The federal commission sent the communiqué, dated June 16, to sixteen leaders in the Democratic-controlled Senate, which was then posted by National Review's blog, the Corner, by Peter Kirsanow.
The letter comes just as leading Senate Democrats have confirmed that a vote on Matthew Shepard Hate Crimes Prevention Act (MSHCPA - S. 909) will come sometime before the end of the August recess, but not this week, contradicting an earlier report based on information provided by an unnamed source to the Washington Blade. The letter is a reiteration of the commissioners concerns, which were delivered to House leaders back in April.
"We believe that MSHCPA will do little good and a great deal of harm," states the commissioners' letter, warning that, "Its most important effect will be to allow federal authorities to re-prosecute a broad category of defendants who have already been acquitted by state juries -- as in the Rodney King and Crown Heights cases more than a decade ago."
The commissioners' letter stated that although the US Constitution forbids an individual from "double jeopardy" - being tried by the government twice for the same offense - there are no protections in place under the Constitution for prosecution by "dual sovereigns" - indicating that the "hate crimes" bill opens up an individual to a double prosecution by state and federal government, violating the spirit of the law, but technically not the letter.
"We regard the broad federalization of crime as a menace to civil liberties," stated the commissioners. They pointed out that the loophole to "double jeopardy" exists because the authors of the Bill of Rights "never dreamed that federal criminal jurisdiction would be expanded to the point where an astonishing proportion of crimes are now both state and federal offenses."
They continue that the law as written does not merely require "the defendant be inspired by hatred or ill will in order to convict." Instead, "It is sufficient if he acts 'because of' someone's actual or perceived race, color, religion, national origin, gender, sexual orientation, gender identity or disability."
The letter indicates that "prosecutors will have 'two bites at the apple' for a very large number of crimes," because the objective language of the law opens up the possibility that individuals accused of a crime that is perceived to fill any one of the "hate crimes" criteria could face trial twice. The letter gives the example that those accused with rape or robbing a disabled victim, could face trial twice for the same crime, because the victims in these circumstances "literally ... are chosen 'because of' their gender or disability."
"DOJ [Department of Justice] officials have argued that MSHCPA is needed because state procedures sometimes make it difficult to obtain convictions," continued the letter.
"Such an argument should send up red flags. It is just an end-run around state procedures designed to ensure a fair trial."

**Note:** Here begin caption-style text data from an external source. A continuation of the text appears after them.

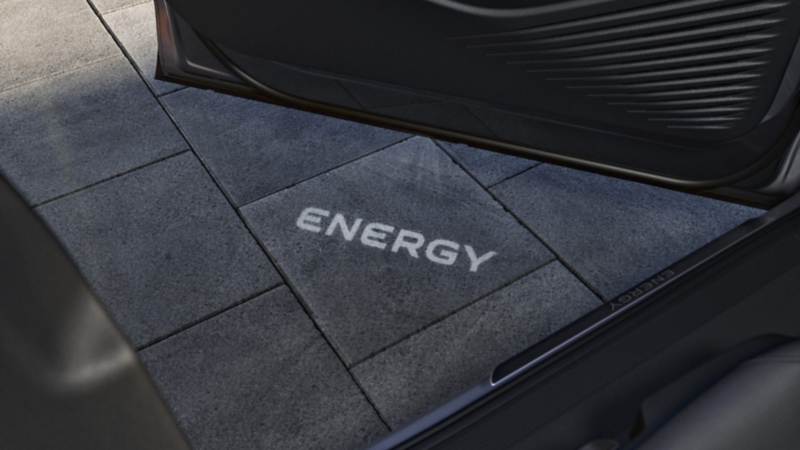 ENERGY-Schriftzug wird vor dem VW ID.4 ENERGY auf den Boden projiziert.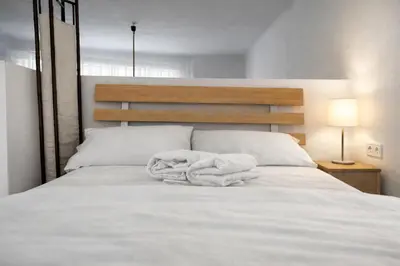 a bedroom with a bed with white towels on it at Athens City Staying in Athens
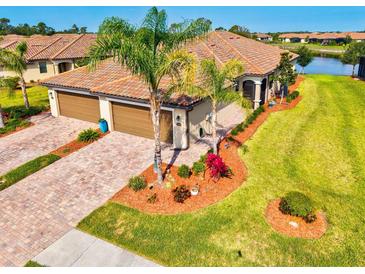 Beautiful home features a terracotta roof, two-car garage, paver driveway, tropical landscaping, and a lush green lawn at 12230 Amica Loop, Venice, FL 34293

The Senate bill (S. 909), along with its companion legislation in the House (H.R. 1913), adds "sexual orientation" and "gender identity" as well as race, religion, class, gender, and disability to categories that are protected as "hate crimes." Under this legislation, crimes against individuals who belong to the protected classes receive stiffer penalties than crimes against other groups not mentioned by the bill, a fact that critics charge makes "second class citizens" out of those not covered by the law.

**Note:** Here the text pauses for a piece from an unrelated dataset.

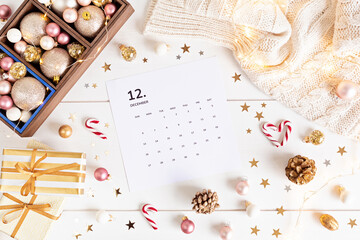 Christmas background with calendar for December and xmas decoration. Winter holidays celebration...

Christian leaders have expressed particular concern that attempts to secure the right to speak against the homosexual lifestyle and its normalization have failed. Among many rejected proposals for the bill was one offered by Rep. Louis Gohmert, R-Texas, which would have included a clause ensuring ministers could not be prosecuted for abetting a "hate crime" simply because they preached the Christian perspective on homosexuality.
Rep. John Conyers (D-Mich.), the Congressman who introduced H.R. 1913, claimed the bill posed no danger to Christian free speech, saying that it "only applies to bias-motivated violent crimes and does not impinge public speech or writing in any way." Section 10 of H.R. 1913 states: "Nothing in this Act, or the amendments made by this Act, shall be construed to prohibit any expressive conduct protected from legal prohibition by, or any activities protected by the free speech or free exercise clauses of, the First Amendment to the Constitution."

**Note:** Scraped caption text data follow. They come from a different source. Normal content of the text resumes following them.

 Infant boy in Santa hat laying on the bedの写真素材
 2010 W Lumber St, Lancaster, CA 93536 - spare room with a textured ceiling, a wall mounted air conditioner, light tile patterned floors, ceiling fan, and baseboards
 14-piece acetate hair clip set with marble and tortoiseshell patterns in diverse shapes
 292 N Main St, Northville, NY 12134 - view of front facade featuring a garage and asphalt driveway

Yet free speech advocates have pointed out that under current U.S. law, any action that "abets, counsels, commands, [or] induces" a perceived "hate crime" shares in the guilt of that crime, and is therefore punishable.
Legislators opposed to the measure have also called it the "pedophile protection act," after House members refused to approve an amendment specifying that the bill define "sexual orientation," an oversight that some legislators charge could lead to a too broad interpretation - since the term is used by the American Psychiatric Association to encompass over 547 sexual deviancies (including pedophilia), and not just homosexuality.
WorldNetDaily reports that sources in the Senate tell them the campaign protesting the passage of "hate crimes" - which has generated at least 625,000 letters sent to Senators - has altered the dynamics in the Senate, where they had expected the vote on the bill to proceed smoothly.